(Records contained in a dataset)
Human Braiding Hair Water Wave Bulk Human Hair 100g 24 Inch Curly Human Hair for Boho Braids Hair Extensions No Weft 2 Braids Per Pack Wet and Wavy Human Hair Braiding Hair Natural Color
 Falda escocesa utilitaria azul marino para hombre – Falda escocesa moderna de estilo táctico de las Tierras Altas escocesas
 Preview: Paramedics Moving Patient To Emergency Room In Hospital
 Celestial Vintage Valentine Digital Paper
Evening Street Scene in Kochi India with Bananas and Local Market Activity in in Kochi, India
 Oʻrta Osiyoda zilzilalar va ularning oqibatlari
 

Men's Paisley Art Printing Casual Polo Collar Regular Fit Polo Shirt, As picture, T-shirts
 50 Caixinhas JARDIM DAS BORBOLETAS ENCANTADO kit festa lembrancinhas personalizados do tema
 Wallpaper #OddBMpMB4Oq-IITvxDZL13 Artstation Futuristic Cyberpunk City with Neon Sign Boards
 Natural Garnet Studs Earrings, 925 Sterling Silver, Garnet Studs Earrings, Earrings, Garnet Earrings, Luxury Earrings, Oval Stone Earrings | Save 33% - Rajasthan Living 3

_Assignment_. Having read the records above, reproduce each one exactly.

_Solution_.
Human Braiding Hair Water Wave Bulk Human Hair 100g 24 Inch Curly Human Hair for Boho Braids Hair Extensions No Weft 2 Braids Per Pack Wet and Wavy Human Hair Braiding Hair Natural Color
 Falda escocesa utilitaria azul marino para hombre – Falda escocesa moderna de estilo táctico de las Tierras Altas escocesas
 Preview: Paramedics Moving Patient To Emergency Room In Hospital
 Celestial Vintage Valentine Digital Paper
Evening Street Scene in Kochi India with Bananas and Local Market Activity in in Kochi, India
 Oʻrta Osiyoda zilzilalar va ularning oqibatlari
 

Men's Paisley Art Printing Casual Polo Collar Regular Fit Polo Shirt, As picture, T-shirts
 50 Caixinhas JARDIM DAS BORBOLETAS ENCANTADO kit festa lembrancinhas personalizados do tema
 Wallpaper #OddBMpMB4Oq-IITvxDZL13 Artstation Futuristic Cyberpunk City with Neon Sign Boards
 Natural Garnet Studs Earrings, 925 Sterling Silver, Garnet Studs Earrings, Earrings, Garnet Earrings, Luxury Earrings, Oval Stone Earrings | Save 33% - Rajasthan Living 3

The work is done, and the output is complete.